Nesta hipótese, que não orça com o impossível e de fácil verificação, a parte pode ter interesse na realização da conciliação, pelo que não pretende acionar a regra do § 5º do artigo 323 do projeto. Mesmo porque, acionando esse preceptivo, teria que apresentar contestação, para depois eventualmente participar de audiência conciliatória. Esse sinceramente não parece o espírito imbuído pela Comissão no projeto ao trazer a audiência de conciliação para o umbral do processo, momento em que, presume-se, pelo pouco desdobramento processual realizado, as partes estão mais afeitas, predispostas, a composição.
Poder-se-ia projetar então que a parte se faria representar na audiência, como permite o § 8º do artigo 323. Além das dificuldades de se achar um preposto num local distante, aquela pode ter o desejo, como ocorre em regra, de participar do ato conciliatório, o que afasta, por completo, a projeção.
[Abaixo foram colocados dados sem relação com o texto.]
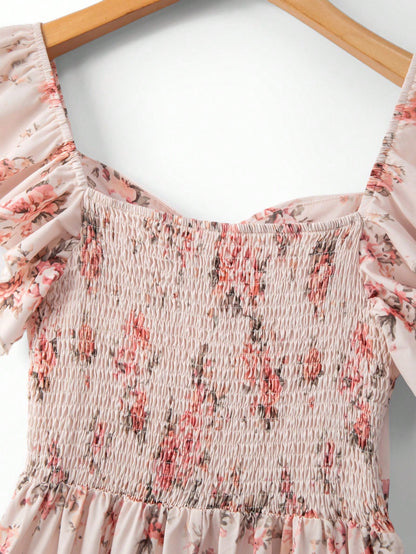 Elenzya Pink Floral Dress For Women,Summer Cottage Core Vintage Square Neck Ruffled Sleeve Waist Cinched Multilayer Hem Fashion Elegant Party Vacation Dress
Noutro giro, mas ao redor do mesmo epicentro, possível apresentar imediatamente a contestação, no próprio local de domicílio (artigo 64), articulando a incompetência relativa e postulando a realização de audiência de conciliação no juízo competente. O pedido de realização da audiência de conciliação seria necessário, já que, conquanto sempre presente a possibilidade de sua realização (artigos 118, inciso IV, e 145), na estrutura processual propugnada não existe mais a audiência preliminar, razão porque nova oportunidade de conciliação somente no início da audiência de instrução e julgamento (artigo 344), acaso o feito não tenha sido interrompido anteriormente pelo julgamento da lide ou imediato da lide (artigos 340 e 341).
Novamente, como já dito, penso não ser esta a melhor solução, nem muito menos se coaduna com o objetivo da Comissão ao antecipar procedimentalmente à realização da fase de conciliação.
Por certo, na prática, a situação encontrará resposta no revival da exceção de incompetência. As partes apresentaram petição apartada sobre a incompetência relativa, quiçá com a tarja de exceção, pedindo sua declaração antes da audiência e a realização posterior da conciliação no juízo competente. Ademais, a superação encontra paralelo na disciplina do artigo 126 do projeto, relativo ao impedimento e a suspeição.
Deste modo, mantendo-se a linha alvitrada pela Comissão, penso que o projeto deveria ser alterado, estabelecendo-se novo parágrafo ao artigo 323, para que a audiência seja cancelada pela apresentação de pedido de declaração de incompetência, com a redesignação após seu julgamento positivo ou negativo.


[1] “De qualquer causa o chamado a julgamento deve acudir ao pretor, para que se saiba isto mesmo, se a jurisdição é ou não dele”.